Keep it simple, stupid. Let’s see if we can do that: core is simple, add a bit of sugar on top.
Functions
So we have functions. Let’s see how that works.
function Foo,Bar do_it(Meh arg)
end
This makes a function in the module space. To call it:
do_it(arg)
arg.do_it()
You can also put a function inside a class definition, which only adds additional namespacing (must be prefixed with class name from outside the class):
object Foo
function bar() end
function baz()
bar()
end
method blah()
bar()
baz()
end
end
-- elsewhere
Foo:bar()
Foo:baz()
Note that inside a method’s body, we have an implicit self
so there might be conflicts there:
object Meh
method foo()
bar(5) -- could be functions bar(uint) or bar(Meh,uint)
end
end
In D, the method of the object shadows the outside function. Makes sense. If you really want the function, you need to use its module’s path.
Methods
Method definitions are a simple syntactic shortcut:
object Foo
method blah()
end
end
Is exactly the same as:
object Foo
function blah(Foo self) -- for value classes, `self` is passed by ref
end
end
Meaning that the method has the hidden self
, and is defined in the class’s namespace. When using extend
, same story.
Note that I mean “exactly the same” in terms of function prototype. In the body of the method, the self
keyword can be omitted for methods to self
.
Constructors and factories
They are just methods and functions with a special name, init
, that is called when you use the class name as a function (sugar!):
object Foo
function Foo? init(bool isRaining)
if isRaining then
return Foo()
else
return nil
end
end
method init()
-- do the thing
end
end
-- later
local a = Foo(true) -- is really Foo:init(true)

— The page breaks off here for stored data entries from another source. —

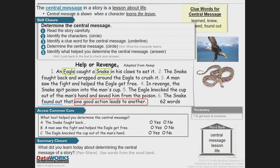What text helped you determine the central message? Was it A, the snake fought back? No. Was it B, a man saw the fight and helped the eagle get free? Yes, that does help determine the central message. And the eagle knocked the cup out of the man's hand — does that help determine the central message? Yes, it does.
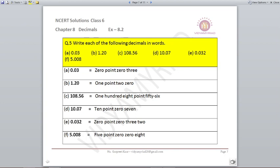Question number 5: Write each of the following decimals in words. For 0.03 — nothing on the left-hand side, so we start with zero point zero three. Similarly for 1.20, 108.56, 10.07, 0.032, and 5.008 — the way we speak is the way we write.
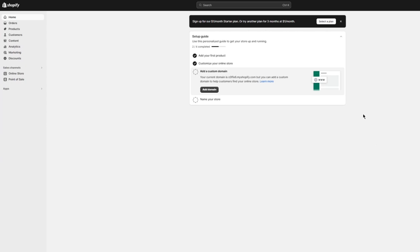First of all, you're going to want to make sure you're logged into your Shopify and have a fully set-up Shopify account. You'll also want to know how to upload media into your Shopify store. I'm going to be walking you through uploading media and adding banner images — we're going to cover all of it.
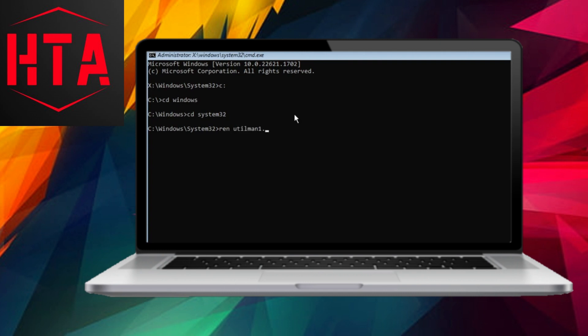Rename files by typing ren utilman.exe utilman.bak and press Enter, then ren cmd.exe cmd.bak and press Enter.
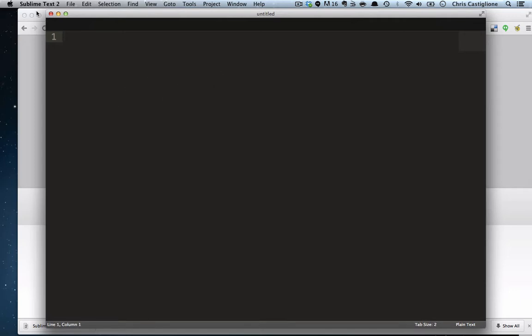This big black box, Sublime Text, is what we will use to code. It's our text editor. You may have heard of other kinds of text editors—Dreamweaver, TextMate, or a bunch of different ones out there.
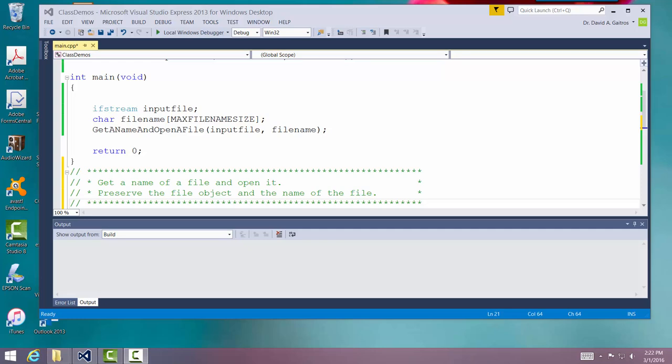What I'd like to do now is give you a function or routine that will help you in future assignments - opening up a file. It's a very common thing to do, and there's some standard ways to approach it. What we're going to do now is open up an input file.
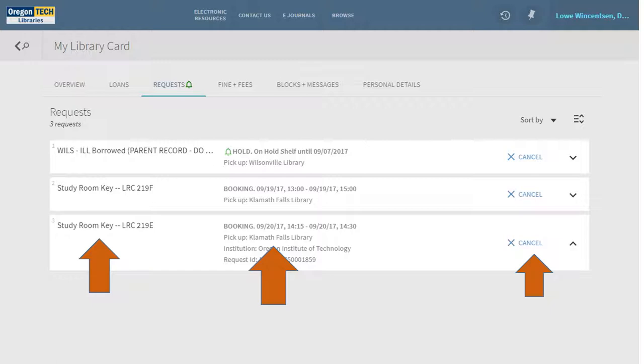When you're ready to check out your room, go to the Access Services desk or the desk in the Wilsonville Campus Library and check out your item. You're ready to go.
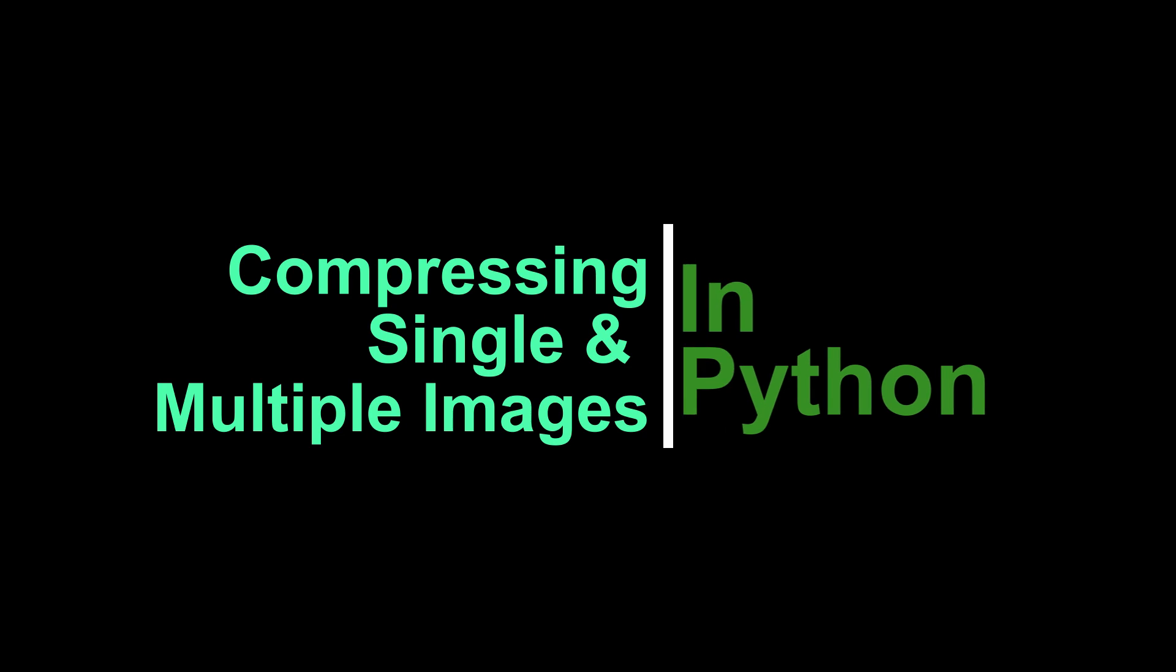Hey, what's up everyone? It's James from Sempion here in Just Understanding Data. Today we're going to look at how you can compress single images and multiple images in Python.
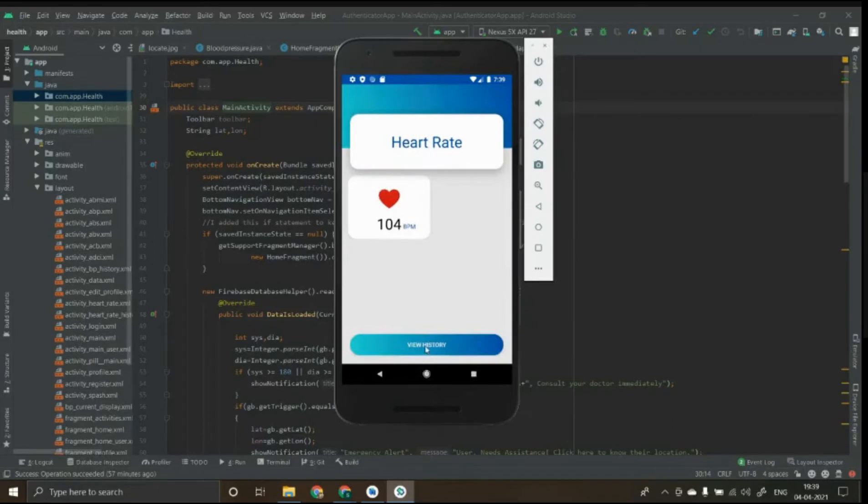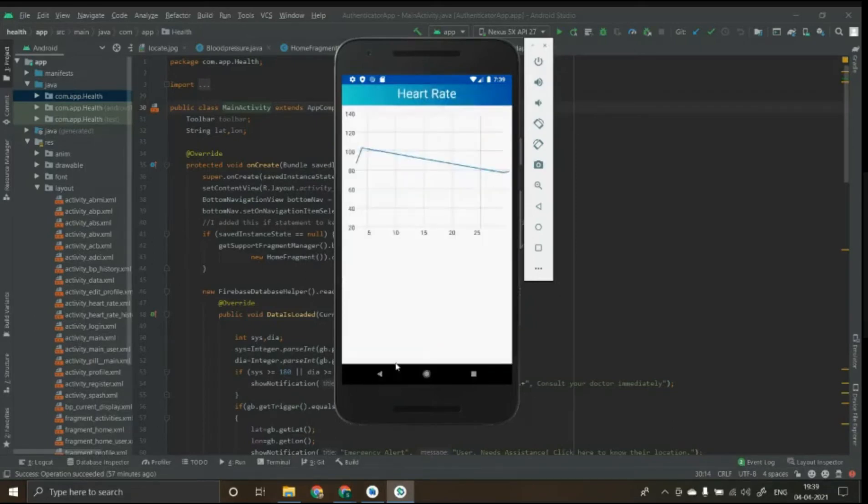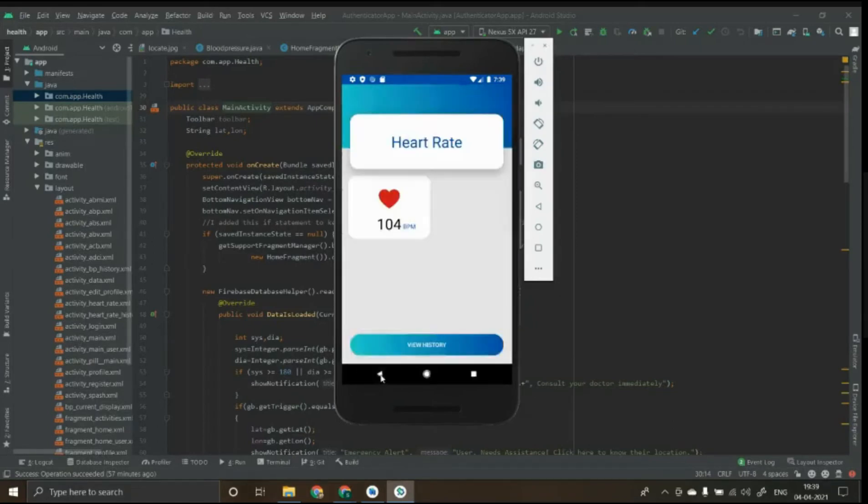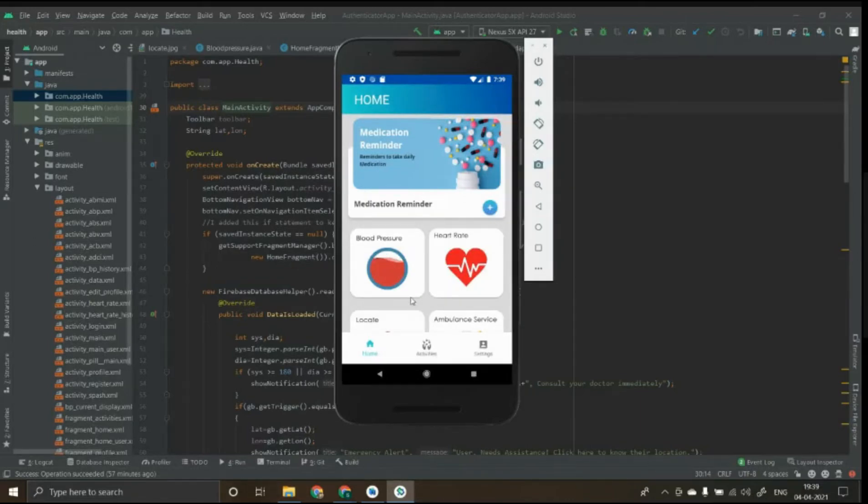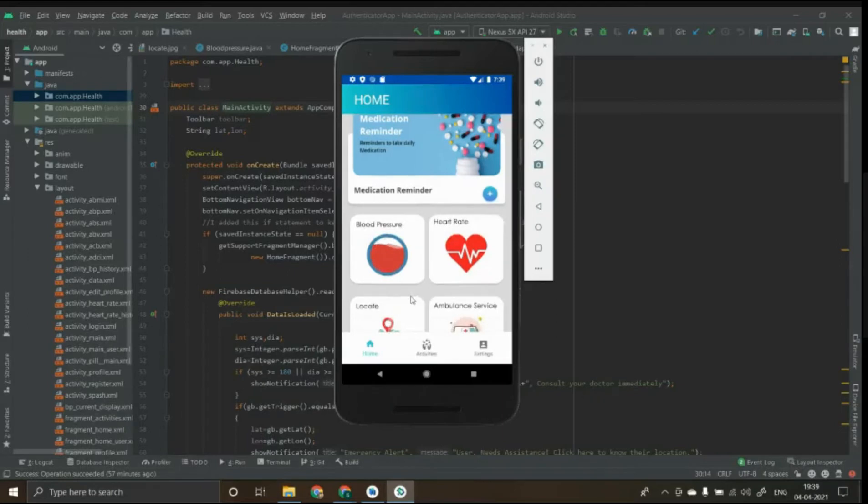In case of major variations in the BP or heart rate, the monitor is alerted. The locate module is used to locate the patient through the GPS module embedded in the wristband. This in turn redirects to the Google Maps as shown.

local b = Foo() -- is really make a Foo and call method init() on it
Factories and constructors cannot have the same selector, obviously, and a constructor cannot return anything. Also constructors have this special semantic analysis that prevents you from reading from uninitialized members, or pass self
as parameter (including sending message to self
).
Interfaces
Interfaces cannot use “functions”, only methods, because the point of interfaces is to test compliance of classes to it.
interface UintMaker
uint make(ArgType arg)
end
If there is a function uint make(Foo,ArgType)
, whatever way it is defined (in the class, outside the class, in extension), then class Foo
complies to interface UintMaker
. Period. Nothing changed.
References
Internally, references are a type, and in low level code they are handled differently than the type they refer to (by dereferencing). However, like in C++, references cannot be re-initialized: once set, they are a perfect alias of the original variable and any operation happening to them happens to the original one.
Question is: do we need a full blown reference type, to be used for members and as template arguments, or is the only reasonable use for passing and returning to and from functions?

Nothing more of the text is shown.